Mass production and sustainability do not go together. This is because in the production chain of new garments every step requires vast amounts of water, packaging, and oil. For example the transportation required in between every step; from raw material to textile, to piece, to garment, to store, etc.

I believe designers should take this wasteful chain into their own hands, producing a selective amount of unique pieces, produced locally, with more care and attention. Hopefully, through this process garments will gain a new value, becoming like a painting to a painter. This process is needed to create a cultural shift in the way we think about our clothes. Fast fashion values having lots of new clothes often and cheaply. In the future I believe we should value unique, high-quality, pieces that last a long time. I also think we must look at the materials we are using to make clothes because many synthetic materials, when washed, release nanofibers of plastic into the ocean which can then not be filtered out.

For example, when a garment is made for a performance art piece, it is created for a specific person and situation. Its uniqueness gives it a character which cannot be achieved by mass produced clothing. The garment becomes a work of art which testifies to the imagination, intention, and craftsmanship, of its maker.

           
                      

3. Like designers in the fashion industry, artists are being pressured to constantly produce and sell more, thereby turning their work into capitalist commodities. What do you think about this struggle? How can artists reject or challenge these commercial production chains?

I am very worried about unconsciously falling into this system of ‘creating commodities’ in my art practice. However, in our capitalist society this can be very difficult not to do. Art in itself has become very elitist and can actually, in my opinion, sometimes be the epitome of capitalist consumption. This happens when the final product is valued over the effect of the work, when the artist is producing, rather than creating, and caring more for the material ‘reward’ at the end of it, rather than the process of creation itself.

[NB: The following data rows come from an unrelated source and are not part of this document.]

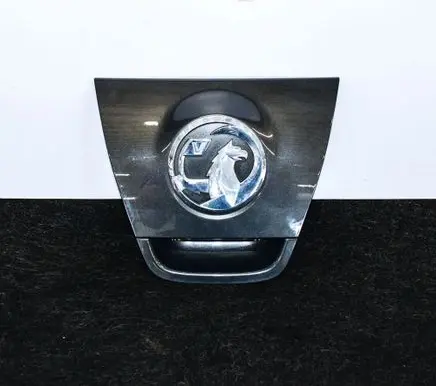 Opel Astra J Tailgate/trunk/boot exterior handle 11320900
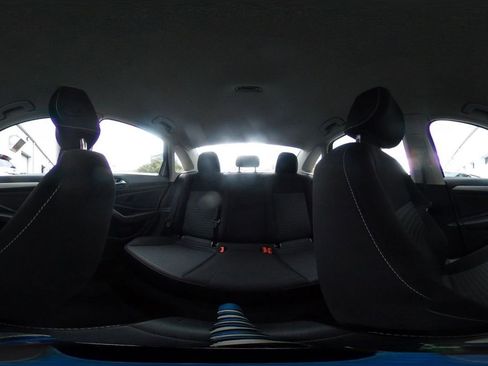 Used 2025 Volkswagen Jetta S image 40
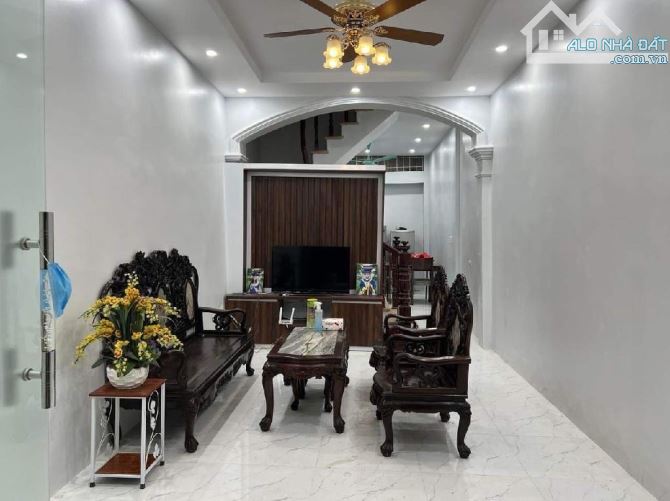 💥💥siêu hiếm mặt ngõ, phố hào nam-đống đa-phân lô - ô tô đỗ cửa - 2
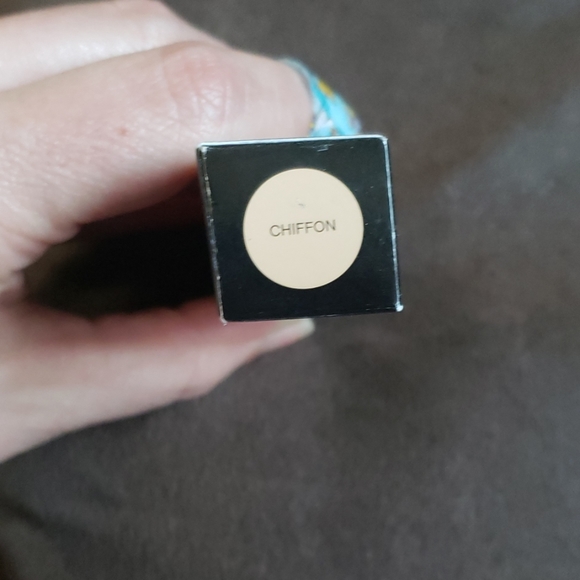 Younique Other - Younique Concealer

To reject this trap it is important for artists to find their own rhythm of working, instead of continuously responding to external demands of time and quantity. I believe artists should constantly be growing and inventing themselves. It is dangerous to get stuck in a predictable phase or aesthetic as these eventually hollow out. Serendipitous magic in making comes from venturing into the unknown, from not being afraid to experiment and fail. When an artist relies too heavily on the final product, failure becomes unacceptable and too great a risk. Paradoxically this, in my opinion, kills an artist’s practise and turns them into capitalist producers. Staying true to oneself is the only way to defy the trap, especially when this means confronting people with issues they may not want to face.

I also think that the institutionalization of art is a problem that catalyzes turning art into entertainment commodities. Pushing art out of where it’s ‘supposed to be’ (ie. the gallery), can help reach people that maybe do not want to be reached or who would not willingly visit a gallery. It is especially important to reach those people, otherwise the ‘art bubble’ will just float around and turn into a vicious cycle of creating commodities for the people inside it. Street art can be a solution for this.

               
                

4. As a performer you create finite experiences, compared to your paintings and sculptures which may last a very long time. How do you see the temporality of performance affecting the art piece and the audience?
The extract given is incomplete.